On October 17, at the main function to mark Sir Syed’s 196th birthday, AMU vice chancellor retired Lt Gen Zameer Uddin Shah pledged to turn the university into an “intellectual powerhouse” but Shah has recently shunned the path of setting up expert committees to recruit academics. Instead, he has misused emergency powers to appoint professors, notably in the departments of West Asian studies, English and electronics engineering—one of them being a retired major general with no teaching experience in West Asian studies, another an Islamist ideologue with no research experience in English and a third from the Tablighi Jamaat with no degree in electronics. Shah, a former deputy chief of Indian Army, has relied on recruiting retired military officials to key offices, notably Brig S Ahmad Ali as pro-VC, Gr. Captain Shahrukh Shamshad as registrar and another as an intermediate college principal.

Despite the total absence of government interference in recruitment of its vice chancellor, AMU has been run by retired officers from the military and the Indian administrative service in recent decades. Dr Shamim Akhtar, an assistant professor at AMU’s department of adult and continuing education, says Shah’s reliance on former military officers strengthens a culture of nepotism on campus and damages academic excellence and motivation of the teaching staff whose anger recently stopped him from appointing a military man as caretaker of the medical college. Akhtar rues that elections to the teachers’ association are marked by public demonstrations of regional loyalties, and regionalism—between those from eastern and western UP—prevents recruitment of meritorious teachers.

Insofar as the culture of feudalism, regionalism and Islamism has seeped into the functioning of AMU, it is unlikely that it can shake off these corroding agents, but there is a way forward. On the AMU website, a passage about its founder notes that the Aligarh Institute Gazette, a journal started by Sir Syed, “succeeded in agitating the minds in the traditional Muslim society. Anyone with a poor level of commitment would have backed off in the face of strong opposition but Sir Syed responded by bringing out another journal, Tahzibul Akhlaq”.
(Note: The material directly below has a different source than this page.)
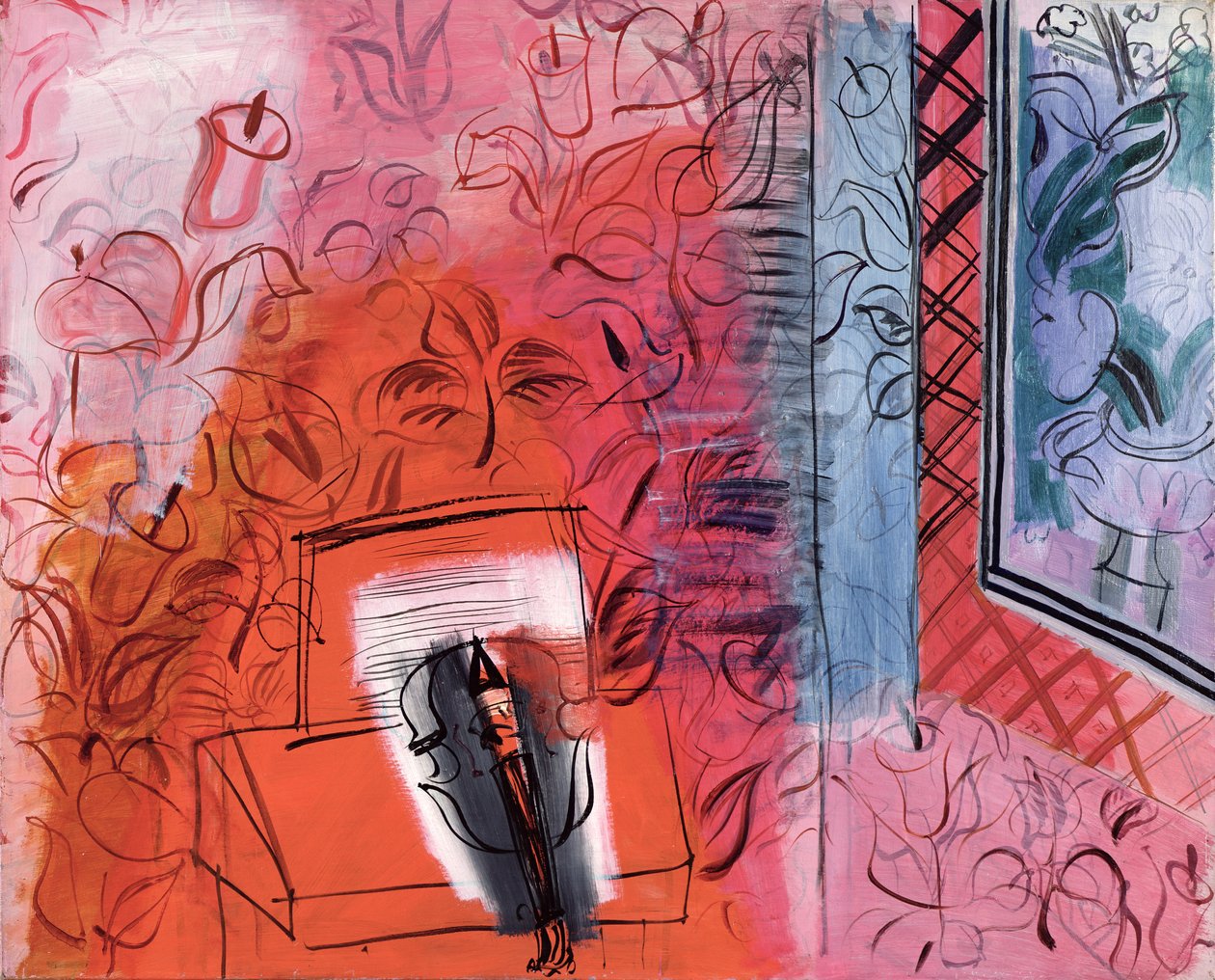 Stilleben med violin, en hyldest til Johann Sebastian Bach (1685-1750) 1952 (olie på lærred) af Raoul Dufy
The challenge now before AMU and the editors of Tahzibul Akhlaq is to foster a culture of debate that challenges religious orthodoxies among Muslims, thereby creating a wider intellectual base from which reformist Muslim writers in India can advance Sir Syed’s message of enlightenment and reform.

Tufail Ahmad is director of South Asia Studies Project at the Middle East Media Research Institute, Washington DC.